HAMMER: All right. SHOWBIZ TONIGHT`s David Haffenreffer. Thanks very much for that.

And we`ve got more on this very heated issue right now. Tonight, two showbiz newsmakers passionately involved in each side of the Stanley "Tookie" Williams debate.

Joining us live from Chicago, the Reverend Jesse Jackson, who is lobbying for clemency for Williams. And live in Cincinnati, we have victims rights advocate Nancy Ruhe. She`s the executive director of Parents of Murdered Children. Thank you both for being with us tonight.


HAMMER: Nancy, we`re quite accustomed to seeing stars backing various causes. But I can`t imagine you`re very impressed with the celebrity involvement in this particular case, are you?

RUHE: Well, I think it -- it angers me just for the fact that do they really know the story behind Stanley Williams? Do they really know what he did? Do they even know any of the victims` names or how many children these victims had?

All they know is that supposedly he`s redeemed. He hasn`t admitted to the crime. He hasn`t said, "I`m sorry" for his crimes. He`s written a few books, and he`s murdered four people and left 11 children without parents.

HAMMER: And Reverend Jackson, notions like that can lead some backlash with the celebrity involvement. Are you worried at all about a celebrity -- a backlash against celebrity activists in this Williams case?

REV. JESSE JACKSON, RAINBOW/PUSH COALITION: I must admit, I`m really concerned about the possibility of wrongful conviction. That is an issue here at stake.

You know, Governor Allen in Virginia commuted a sentence. And as opposed to losing, his value went up. Governor Reagan did the last clemency in California.

Tookie has been in jail for 25 years. He`s no threat to society. So why not life without the possible of parole? It is not necessary to kill him at this point, because he`s been a force for good, as he has been shown atonement and redemption. His books have had a transforming process upon many people. So why kill him, except for revenge?

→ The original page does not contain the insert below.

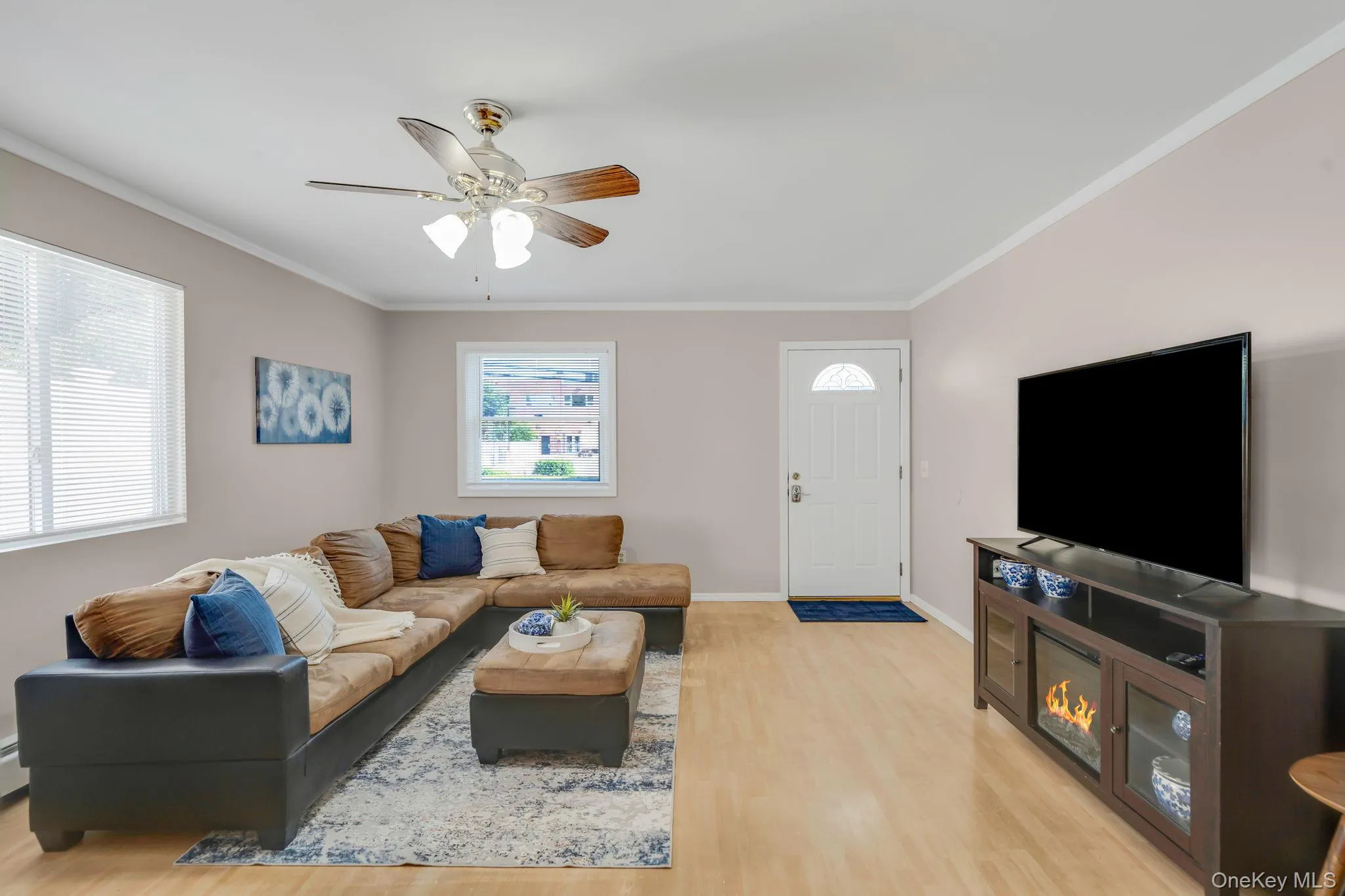 48 Oakmont Avenue, Brookhaven, NY, 3 Bedrooms Bedrooms, 5 Rooms Rooms,1 BathroomBathrooms,Residential,For Rent,Oakmont,0,1023114 48 Oakmont Avenue, Brookhaven, NY, 3 Bedrooms Bedrooms, 5 Rooms Rooms,1 BathroomBathrooms,Residential,For Rent,Oakmont,0,1023114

HAMMER: But Reverend Jackson, I want to go back to my original question. Do you think the celebrity involvement in the case can help or perhaps hurt what you`re trying to accomplish here and get that clemency?

JACKSON: Well, it`s more than just celebrity involvement. I mean, Bishop Tutu. The broad based people says a, that the -- that his -- when you are on trial and do not have competent lawyers, as in the case of Blake or O.J., you don`t have dream team lawyer, there`s a high chance that you`ll be convicted.

I was in California two years ago. Kevin Cube (ph) had been on Death Row for 19 years. He was within three hours of being killed. Only -- information was admitted at the very last moment. So there is a legal process going on here.

Beyond that, if you`ve been in jail 25 years and make a contribution, a Nobel Prize nominee, for transforming lives. Redemption must matter in the American judicial system.

HAMMER: Well, Nancy, let me ask you about the notion that he perhaps has done some good. We saw Snoop Dogg a few moments ago, saying Williams inspired him to leave the gang life. How do you feel about the idea that, you know, he has done some good, and perhaps leniency should come his way as a result of that?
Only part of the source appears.